Saturday, March 21, 2009

Bernard Shaw's politics and "The Apple Cart"

Today I started uploading several bits from a 1975 BBC production of Shaw's 1929 political play "The Apple Cart" to one of my YouTube channels. A play I had never heard of. Spotted the DVD at the library. But it has some good parts, and a very fine appearance by Helen Mirren playing the dishy mistress to the king, Orinthia.

I never paid much attention to Shaw's politics as I'm very unsympathetic toward his Fabian Socialism. However, turns out we have some similar views on democracy, goverment work, and the voting public. And he expresses it much better!

To (Shavian) wit:

"...choose between Cabinet government and monarchical government: an issue on which I frankly say that I should be very sorry to win, as I cannot carry on without the support of a body of ministers whose existence gives the English people a sensation of self-government.

But not one of them will touch this drudgery of government, this public work that never ends because we cannot finish one job without creating ten fresh ones. We get no thanks for it because ninety-nine hundredths of it is unknown to the people, and the remaining hundredth is resented by them as an invasion of their liberty or an increase in their taxation.
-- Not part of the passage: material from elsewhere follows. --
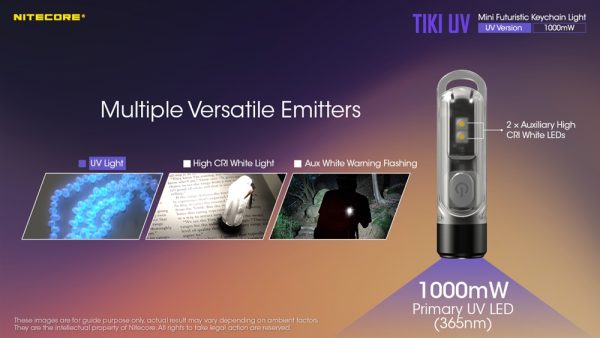 Nitecore TIKI UV, Lanternă Breloc UV, Reîncărcabilă USB, 1000 mW, 365 nm, 70 Lumeni, 12 Metri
Politics, once the centre of attraction for ability, public spirit, and ambition, has now become the refuge of a few fanciers of public speaking and party intrigue who find all the other avenues to distinction closed to them either by their lack of practical ability, their comparative poverty and lack of education, or, let me hasten to add, their hatred of oppression and injustice, and their contempt for the chicaneries and false pretences of commercialized professionalism.

Our work is no longer even respected. It is looked down on by our men of genius as dirty work. What great actor would exchange his stage? what great barrister his court? what great preacher his pulpit? for the squalor of the political arena in which we have to struggle with foolish factions in parliament and with ignorant voters in the constituencies?"

and from an interview (a 1929 piece in "The Observer"):

"Do you seriously think that democracy may drift into the state of things shown in the play?"

"It has already drifted into it."

"Is not the tendency in this country towards a bigger percentage of voting and a more enlightened use of the franchise?"

"The tendency to disuse the franchise is so strong that in some countries it is a punishable offence not to vote. People vote in times of great social strain for which the government is blamed. The newly enfranchised (the women, for instance) vote whilst the novelty lasts. But in a condition of general satisfaction, or of general disgust at the failure of political parties to make good their promises, people will not vote. In the old vestries, for which anybody could vote, a little ring of men used to meet and elect one another without the interference of a single general elector. Shareholders' meetings are very much the same. Do you ever vote?"